## Activity
Look through the listing below for the line with "2025 Hongqi HS3 с пробегом 8 000 км" and the line with "2025 (75) MINI". Copy both, along with every line between them, exactly and with no pictures.

## Data listing
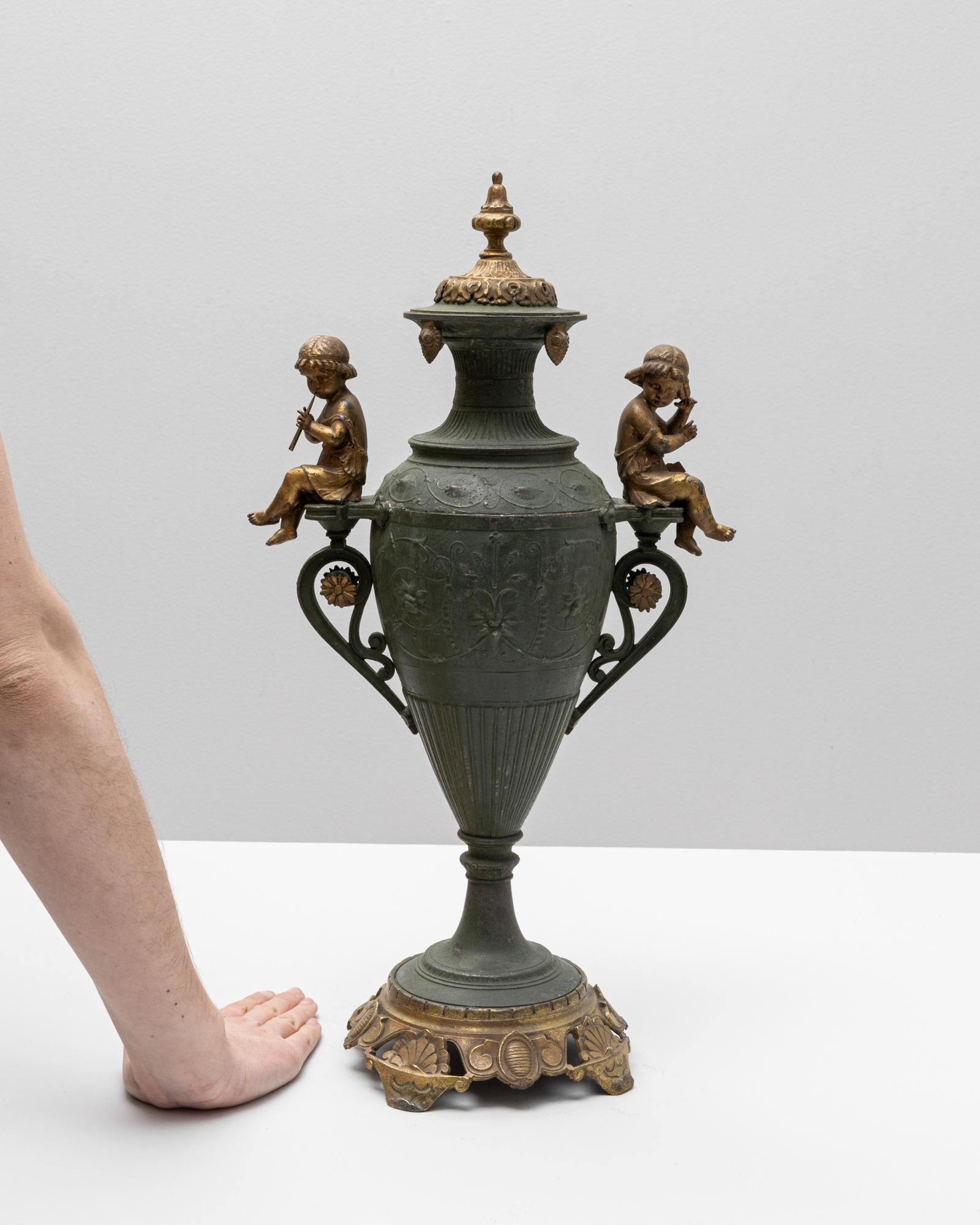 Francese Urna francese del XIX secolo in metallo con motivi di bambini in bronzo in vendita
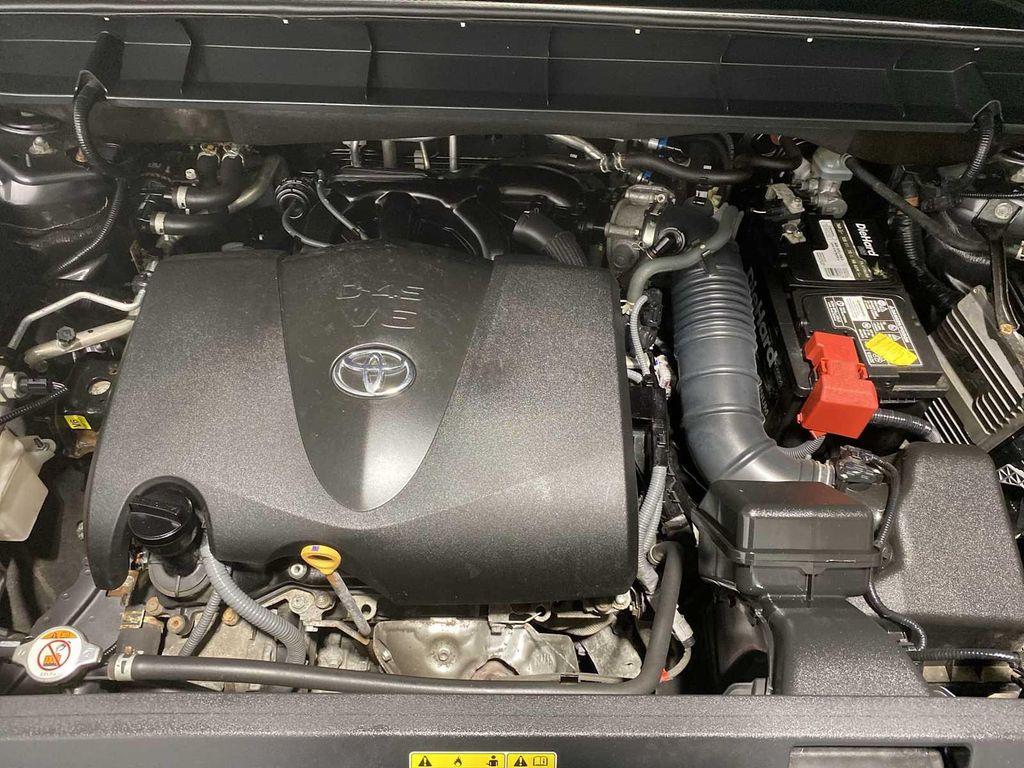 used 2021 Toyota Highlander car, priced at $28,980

...

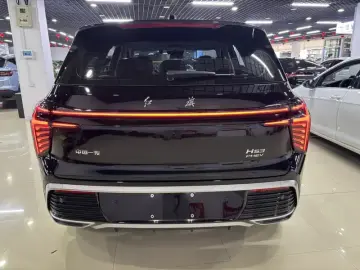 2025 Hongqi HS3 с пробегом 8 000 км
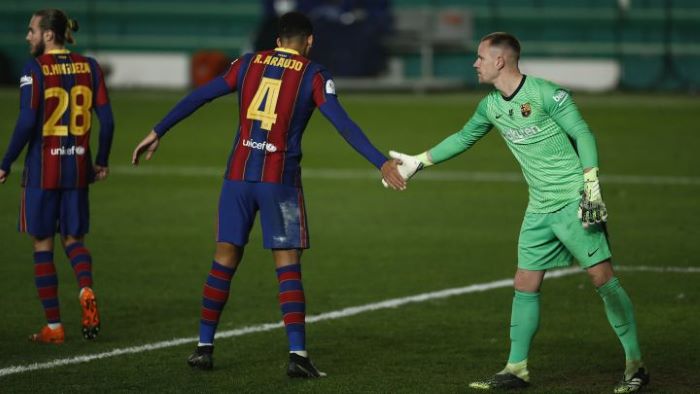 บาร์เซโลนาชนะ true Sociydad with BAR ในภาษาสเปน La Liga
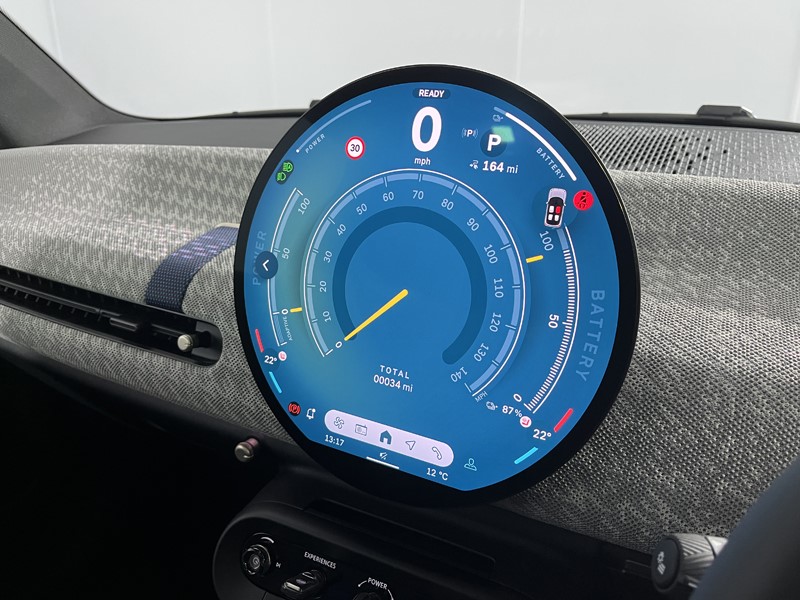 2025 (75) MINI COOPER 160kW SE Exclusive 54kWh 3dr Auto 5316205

## Answer space
 2025 Hongqi HS3 с пробегом 8 000 км
 บาร์เซโลนาชนะ true Sociydad with BAR ในภาษาสเปน La Liga
 2025 (75) MINI COOPER 160kW SE Exclusive 54kWh 3dr Auto 5316205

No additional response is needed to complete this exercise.